▶ Data entries

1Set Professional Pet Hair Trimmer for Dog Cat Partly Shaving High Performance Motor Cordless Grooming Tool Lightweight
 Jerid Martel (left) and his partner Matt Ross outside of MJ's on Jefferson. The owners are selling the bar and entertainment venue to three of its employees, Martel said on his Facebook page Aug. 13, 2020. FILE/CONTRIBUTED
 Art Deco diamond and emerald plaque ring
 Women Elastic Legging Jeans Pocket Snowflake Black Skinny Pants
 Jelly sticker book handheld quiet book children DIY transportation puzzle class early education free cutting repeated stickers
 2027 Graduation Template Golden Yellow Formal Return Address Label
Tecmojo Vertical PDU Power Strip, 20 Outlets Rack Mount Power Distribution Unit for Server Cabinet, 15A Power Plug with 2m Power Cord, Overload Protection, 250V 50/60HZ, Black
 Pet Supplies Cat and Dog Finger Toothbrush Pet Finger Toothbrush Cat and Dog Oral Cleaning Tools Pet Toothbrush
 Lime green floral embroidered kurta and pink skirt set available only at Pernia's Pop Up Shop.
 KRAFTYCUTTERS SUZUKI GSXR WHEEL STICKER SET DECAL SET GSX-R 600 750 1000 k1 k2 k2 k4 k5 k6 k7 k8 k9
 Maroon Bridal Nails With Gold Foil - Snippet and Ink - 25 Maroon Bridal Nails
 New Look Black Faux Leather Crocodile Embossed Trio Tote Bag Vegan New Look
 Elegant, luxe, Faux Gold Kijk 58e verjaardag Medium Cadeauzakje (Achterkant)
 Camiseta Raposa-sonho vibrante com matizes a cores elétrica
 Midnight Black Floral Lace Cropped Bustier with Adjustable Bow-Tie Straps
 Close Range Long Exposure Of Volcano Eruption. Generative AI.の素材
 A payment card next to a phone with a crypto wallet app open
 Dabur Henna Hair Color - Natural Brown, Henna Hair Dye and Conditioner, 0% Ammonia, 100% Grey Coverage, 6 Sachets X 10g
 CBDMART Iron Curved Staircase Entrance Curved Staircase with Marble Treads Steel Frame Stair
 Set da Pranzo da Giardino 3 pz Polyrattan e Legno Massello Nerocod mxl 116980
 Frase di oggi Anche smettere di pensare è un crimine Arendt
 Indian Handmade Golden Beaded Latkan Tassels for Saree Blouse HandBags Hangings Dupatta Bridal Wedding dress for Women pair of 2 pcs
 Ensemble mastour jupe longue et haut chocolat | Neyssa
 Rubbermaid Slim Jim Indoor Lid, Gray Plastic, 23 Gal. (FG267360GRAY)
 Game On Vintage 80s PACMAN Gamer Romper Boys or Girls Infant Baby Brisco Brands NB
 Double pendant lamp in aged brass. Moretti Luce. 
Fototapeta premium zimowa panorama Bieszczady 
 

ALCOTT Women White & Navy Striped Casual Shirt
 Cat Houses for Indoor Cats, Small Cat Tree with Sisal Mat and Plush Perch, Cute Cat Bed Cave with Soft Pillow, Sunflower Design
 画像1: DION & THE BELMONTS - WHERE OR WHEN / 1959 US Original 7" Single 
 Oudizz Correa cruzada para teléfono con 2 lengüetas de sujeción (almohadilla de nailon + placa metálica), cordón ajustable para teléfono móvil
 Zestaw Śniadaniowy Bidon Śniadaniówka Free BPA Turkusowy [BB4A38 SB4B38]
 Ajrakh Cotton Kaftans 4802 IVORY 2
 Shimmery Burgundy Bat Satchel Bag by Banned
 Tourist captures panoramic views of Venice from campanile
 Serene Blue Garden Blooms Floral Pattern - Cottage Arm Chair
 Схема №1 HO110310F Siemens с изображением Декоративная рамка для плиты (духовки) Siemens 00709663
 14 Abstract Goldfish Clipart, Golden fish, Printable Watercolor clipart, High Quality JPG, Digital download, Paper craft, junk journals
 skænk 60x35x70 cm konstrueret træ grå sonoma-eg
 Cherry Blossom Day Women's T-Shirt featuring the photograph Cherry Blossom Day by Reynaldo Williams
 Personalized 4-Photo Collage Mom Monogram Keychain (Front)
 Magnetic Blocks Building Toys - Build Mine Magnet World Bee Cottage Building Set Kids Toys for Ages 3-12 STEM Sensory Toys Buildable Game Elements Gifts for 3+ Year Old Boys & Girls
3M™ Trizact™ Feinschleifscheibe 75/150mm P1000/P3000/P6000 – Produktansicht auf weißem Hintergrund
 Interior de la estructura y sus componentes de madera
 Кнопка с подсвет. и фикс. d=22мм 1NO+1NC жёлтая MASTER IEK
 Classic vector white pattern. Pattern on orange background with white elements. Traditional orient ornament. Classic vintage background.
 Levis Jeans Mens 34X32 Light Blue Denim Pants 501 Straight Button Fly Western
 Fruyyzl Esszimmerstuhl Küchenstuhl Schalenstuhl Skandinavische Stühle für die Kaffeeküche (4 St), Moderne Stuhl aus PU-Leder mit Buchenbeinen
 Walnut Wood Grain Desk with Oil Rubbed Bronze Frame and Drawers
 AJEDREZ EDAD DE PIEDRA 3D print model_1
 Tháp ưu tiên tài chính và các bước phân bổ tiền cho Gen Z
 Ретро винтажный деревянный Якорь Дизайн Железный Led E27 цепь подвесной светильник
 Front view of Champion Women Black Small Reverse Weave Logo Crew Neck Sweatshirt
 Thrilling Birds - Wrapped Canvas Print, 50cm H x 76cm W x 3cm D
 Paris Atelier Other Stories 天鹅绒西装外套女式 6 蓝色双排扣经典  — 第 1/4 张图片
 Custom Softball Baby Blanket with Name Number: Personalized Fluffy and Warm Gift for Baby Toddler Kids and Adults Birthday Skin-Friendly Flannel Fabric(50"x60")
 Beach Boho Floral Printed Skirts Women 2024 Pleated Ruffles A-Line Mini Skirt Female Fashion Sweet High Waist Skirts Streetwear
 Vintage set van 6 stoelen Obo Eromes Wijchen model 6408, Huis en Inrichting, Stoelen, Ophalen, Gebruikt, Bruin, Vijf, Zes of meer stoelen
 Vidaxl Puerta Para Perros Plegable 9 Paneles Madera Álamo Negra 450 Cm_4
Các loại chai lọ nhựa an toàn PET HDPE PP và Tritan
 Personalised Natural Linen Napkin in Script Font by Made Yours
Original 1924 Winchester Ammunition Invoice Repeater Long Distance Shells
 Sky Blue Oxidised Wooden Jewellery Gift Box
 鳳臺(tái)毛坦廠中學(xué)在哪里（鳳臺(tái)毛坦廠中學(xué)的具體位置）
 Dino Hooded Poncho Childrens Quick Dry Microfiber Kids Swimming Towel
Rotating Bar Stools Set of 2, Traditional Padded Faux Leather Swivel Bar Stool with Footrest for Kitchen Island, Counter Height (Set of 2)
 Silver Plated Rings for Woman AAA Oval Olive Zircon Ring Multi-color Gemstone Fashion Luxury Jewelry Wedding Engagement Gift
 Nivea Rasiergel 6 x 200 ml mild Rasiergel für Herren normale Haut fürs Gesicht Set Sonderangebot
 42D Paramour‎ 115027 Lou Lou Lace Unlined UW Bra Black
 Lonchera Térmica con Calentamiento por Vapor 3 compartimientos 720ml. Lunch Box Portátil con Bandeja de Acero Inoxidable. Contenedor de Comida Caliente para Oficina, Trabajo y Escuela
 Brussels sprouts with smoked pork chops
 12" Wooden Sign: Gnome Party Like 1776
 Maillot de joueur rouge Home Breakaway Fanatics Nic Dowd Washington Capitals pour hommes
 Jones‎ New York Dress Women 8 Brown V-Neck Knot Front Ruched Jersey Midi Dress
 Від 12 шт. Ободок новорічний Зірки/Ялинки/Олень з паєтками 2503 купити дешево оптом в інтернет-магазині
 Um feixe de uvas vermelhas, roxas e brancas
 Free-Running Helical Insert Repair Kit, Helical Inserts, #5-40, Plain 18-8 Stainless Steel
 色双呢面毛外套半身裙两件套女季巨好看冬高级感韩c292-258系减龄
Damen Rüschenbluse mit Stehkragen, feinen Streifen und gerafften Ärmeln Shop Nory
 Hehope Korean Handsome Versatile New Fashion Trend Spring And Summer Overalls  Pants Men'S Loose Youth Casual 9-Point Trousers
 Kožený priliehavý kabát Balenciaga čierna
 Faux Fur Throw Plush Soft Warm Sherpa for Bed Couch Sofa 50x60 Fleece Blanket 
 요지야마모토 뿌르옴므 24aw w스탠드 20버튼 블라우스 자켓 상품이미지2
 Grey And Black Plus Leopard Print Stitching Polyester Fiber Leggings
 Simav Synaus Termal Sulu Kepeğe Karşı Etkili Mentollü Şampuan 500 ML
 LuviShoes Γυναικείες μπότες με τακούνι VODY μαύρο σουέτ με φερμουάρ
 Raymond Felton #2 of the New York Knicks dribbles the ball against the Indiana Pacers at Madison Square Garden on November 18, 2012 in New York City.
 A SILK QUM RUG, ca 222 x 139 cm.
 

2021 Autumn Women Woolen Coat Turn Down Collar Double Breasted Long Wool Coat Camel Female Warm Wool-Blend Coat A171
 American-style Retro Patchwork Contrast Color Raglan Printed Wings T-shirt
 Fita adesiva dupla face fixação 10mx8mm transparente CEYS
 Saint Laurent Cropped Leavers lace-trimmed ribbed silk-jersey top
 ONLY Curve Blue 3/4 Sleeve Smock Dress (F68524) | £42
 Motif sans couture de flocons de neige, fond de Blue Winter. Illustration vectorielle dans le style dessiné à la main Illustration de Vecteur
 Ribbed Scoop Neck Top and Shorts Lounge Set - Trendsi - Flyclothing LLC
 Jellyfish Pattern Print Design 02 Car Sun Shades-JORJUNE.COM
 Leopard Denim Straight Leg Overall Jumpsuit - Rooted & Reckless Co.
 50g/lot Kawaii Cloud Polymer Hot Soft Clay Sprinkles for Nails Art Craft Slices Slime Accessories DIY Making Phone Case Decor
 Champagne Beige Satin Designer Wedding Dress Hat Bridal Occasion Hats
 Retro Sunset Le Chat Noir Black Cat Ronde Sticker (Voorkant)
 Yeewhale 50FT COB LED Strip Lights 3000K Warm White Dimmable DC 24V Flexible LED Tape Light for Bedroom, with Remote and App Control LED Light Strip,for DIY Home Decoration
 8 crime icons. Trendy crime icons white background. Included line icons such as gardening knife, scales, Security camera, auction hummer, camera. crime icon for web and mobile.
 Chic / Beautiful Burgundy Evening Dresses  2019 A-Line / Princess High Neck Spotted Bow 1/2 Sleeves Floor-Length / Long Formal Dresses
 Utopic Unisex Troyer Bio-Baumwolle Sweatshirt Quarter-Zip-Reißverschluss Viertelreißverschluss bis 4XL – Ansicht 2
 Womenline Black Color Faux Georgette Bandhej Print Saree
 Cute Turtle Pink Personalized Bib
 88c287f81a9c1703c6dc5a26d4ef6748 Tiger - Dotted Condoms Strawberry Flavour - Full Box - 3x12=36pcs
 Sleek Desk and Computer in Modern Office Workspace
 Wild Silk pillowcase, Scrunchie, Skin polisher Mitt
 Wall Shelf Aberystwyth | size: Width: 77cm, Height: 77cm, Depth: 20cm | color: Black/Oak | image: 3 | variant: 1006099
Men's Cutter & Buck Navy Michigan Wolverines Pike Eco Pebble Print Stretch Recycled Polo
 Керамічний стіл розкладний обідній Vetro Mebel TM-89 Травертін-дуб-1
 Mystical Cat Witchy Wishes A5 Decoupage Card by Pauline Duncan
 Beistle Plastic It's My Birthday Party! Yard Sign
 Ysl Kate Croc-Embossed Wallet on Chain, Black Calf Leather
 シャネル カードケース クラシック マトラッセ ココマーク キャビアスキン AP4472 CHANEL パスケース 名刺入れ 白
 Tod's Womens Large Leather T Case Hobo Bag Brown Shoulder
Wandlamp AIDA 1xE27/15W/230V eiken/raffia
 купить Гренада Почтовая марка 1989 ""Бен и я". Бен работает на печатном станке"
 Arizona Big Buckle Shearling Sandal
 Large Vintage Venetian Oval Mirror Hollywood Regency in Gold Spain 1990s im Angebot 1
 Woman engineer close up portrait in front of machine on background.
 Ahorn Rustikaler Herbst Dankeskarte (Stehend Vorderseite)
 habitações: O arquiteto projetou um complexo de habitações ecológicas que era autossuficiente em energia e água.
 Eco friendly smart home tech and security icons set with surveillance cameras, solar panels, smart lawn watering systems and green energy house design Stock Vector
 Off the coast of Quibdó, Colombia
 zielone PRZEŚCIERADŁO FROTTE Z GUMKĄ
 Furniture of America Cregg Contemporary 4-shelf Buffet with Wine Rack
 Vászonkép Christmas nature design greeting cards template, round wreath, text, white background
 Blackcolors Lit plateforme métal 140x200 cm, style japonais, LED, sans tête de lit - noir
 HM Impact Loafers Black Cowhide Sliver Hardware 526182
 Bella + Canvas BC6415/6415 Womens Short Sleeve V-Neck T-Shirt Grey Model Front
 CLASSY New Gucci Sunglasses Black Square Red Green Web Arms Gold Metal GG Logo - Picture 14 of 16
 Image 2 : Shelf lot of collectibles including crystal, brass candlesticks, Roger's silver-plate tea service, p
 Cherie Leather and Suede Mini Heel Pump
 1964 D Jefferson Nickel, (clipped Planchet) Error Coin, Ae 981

▶ INSTRUCTIONS TO FOLLOW
Only the lines from the beginning of the data above through the line containing "KRAFTYCUTTERS SUZUKI GSXR" should be repeated, exactly as they appear.

▶ ANSWER TO THIS TASK
1Set Professional Pet Hair Trimmer for Dog Cat Partly Shaving High Performance Motor Cordless Grooming Tool Lightweight
 Jerid Martel (left) and his partner Matt Ross outside of MJ's on Jefferson. The owners are selling the bar and entertainment venue to three of its employees, Martel said on his Facebook page Aug. 13, 2020. FILE/CONTRIBUTED
 Art Deco diamond and emerald plaque ring
 Women Elastic Legging Jeans Pocket Snowflake Black Skinny Pants
 Jelly sticker book handheld quiet book children DIY transportation puzzle class early education free cutting repeated stickers
 2027 Graduation Template Golden Yellow Formal Return Address Label
Tecmojo Vertical PDU Power Strip, 20 Outlets Rack Mount Power Distribution Unit for Server Cabinet, 15A Power Plug with 2m Power Cord, Overload Protection, 250V 50/60HZ, Black
 Pet Supplies Cat and Dog Finger Toothbrush Pet Finger Toothbrush Cat and Dog Oral Cleaning Tools Pet Toothbrush
 Lime green floral embroidered kurta and pink skirt set available only at Pernia's Pop Up Shop.
 KRAFTYCUTTERS SUZUKI GSXR WHEEL STICKER SET DECAL SET GSX-R 600 750 1000 k1 k2 k2 k4 k5 k6 k7 k8 k9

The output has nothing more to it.